-------- Records provided --------

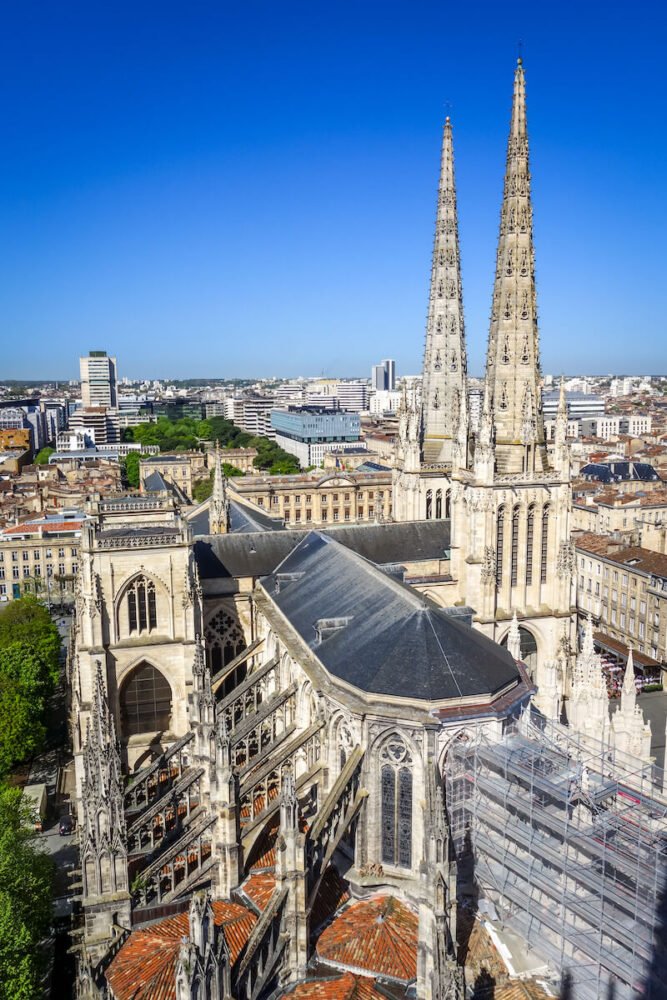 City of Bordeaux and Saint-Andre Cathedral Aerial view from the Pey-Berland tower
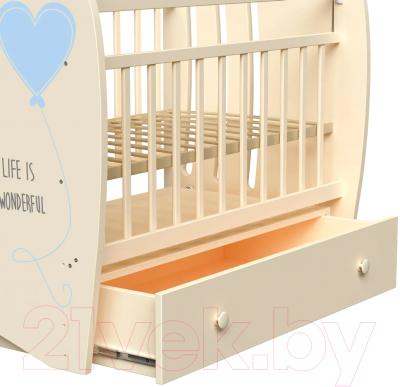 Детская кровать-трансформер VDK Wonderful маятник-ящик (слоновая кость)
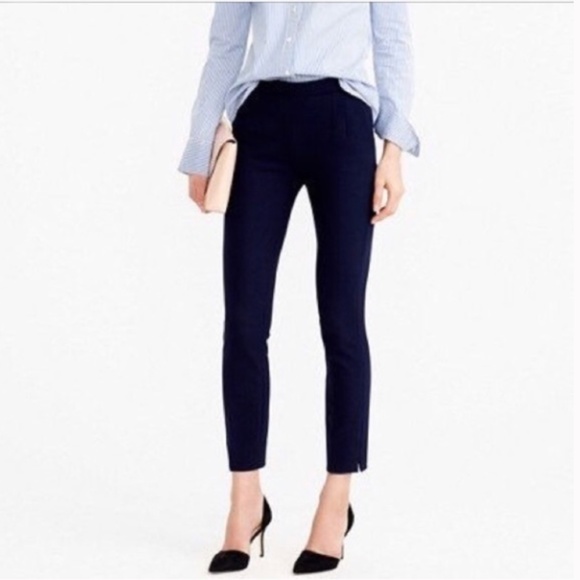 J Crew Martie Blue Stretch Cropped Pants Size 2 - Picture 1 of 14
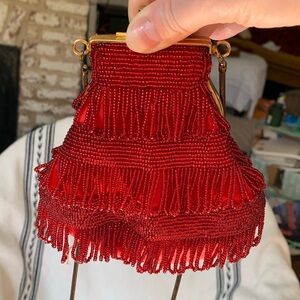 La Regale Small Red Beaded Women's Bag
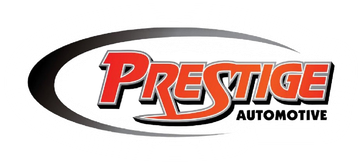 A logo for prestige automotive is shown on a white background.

--------
-------- Records provided --------

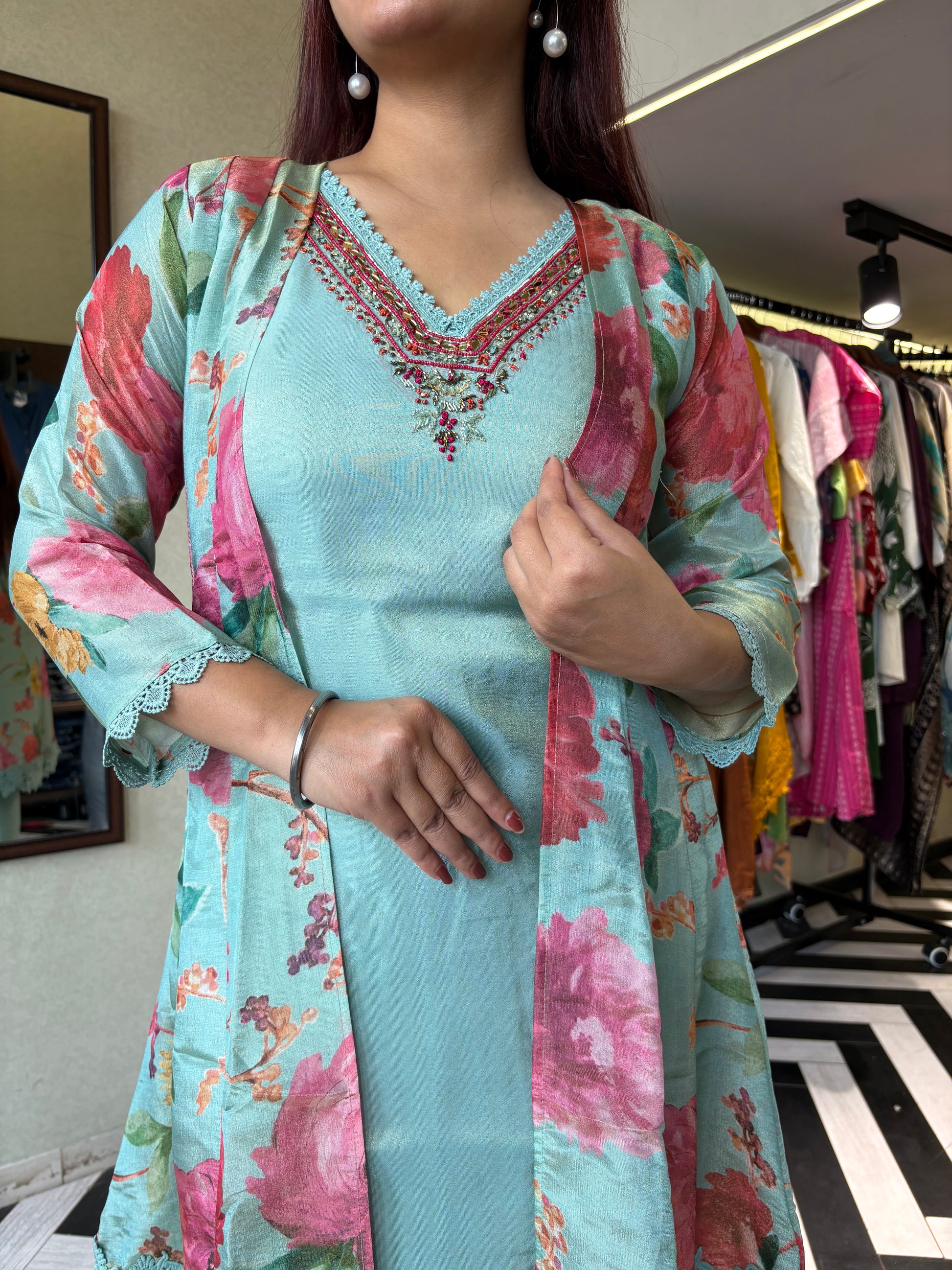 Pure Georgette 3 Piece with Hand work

--------

Task prompt:
Output only the stretch above from the line with "Детская кровать-трансформер VDK" through the line with "A logo for prestige", reproduced exactly. Exclude pictures.

Task solution:
 Детская кровать-трансформер VDK Wonderful маятник-ящик (слоновая кость)
 J Crew Martie Blue Stretch Cropped Pants Size 2 - Picture 1 of 14
 La Regale Small Red Beaded Women's Bag
 A logo for prestige automotive is shown on a white background.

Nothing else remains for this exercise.